- Opening Delimiter -

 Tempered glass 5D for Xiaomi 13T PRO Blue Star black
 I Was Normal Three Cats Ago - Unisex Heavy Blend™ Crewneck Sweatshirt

- Closing Delimiter -
- Opening Delimiter -

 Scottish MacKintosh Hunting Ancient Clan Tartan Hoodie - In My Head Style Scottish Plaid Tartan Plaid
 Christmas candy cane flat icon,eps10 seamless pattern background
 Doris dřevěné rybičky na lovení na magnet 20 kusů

- Closing Delimiter -
- Opening Delimiter -

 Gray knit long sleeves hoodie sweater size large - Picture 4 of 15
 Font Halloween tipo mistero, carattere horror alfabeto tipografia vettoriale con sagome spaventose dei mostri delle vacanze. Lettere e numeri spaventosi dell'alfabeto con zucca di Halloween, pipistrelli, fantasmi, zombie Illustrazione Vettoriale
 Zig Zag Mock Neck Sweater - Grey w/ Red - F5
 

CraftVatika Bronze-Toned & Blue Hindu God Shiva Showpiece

- Closing Delimiter -

Begin at the line that has "Scottish MacKintosh Hunting" in the entries above; stop after the line that has "Doris dřevěné rybičky". Transcribe exactly those lines and no others.

 Scottish MacKintosh Hunting Ancient Clan Tartan Hoodie - In My Head Style Scottish Plaid Tartan Plaid
 Christmas candy cane flat icon,eps10 seamless pattern background
 Doris dřevěné rybičky na lovení na magnet 20 kusů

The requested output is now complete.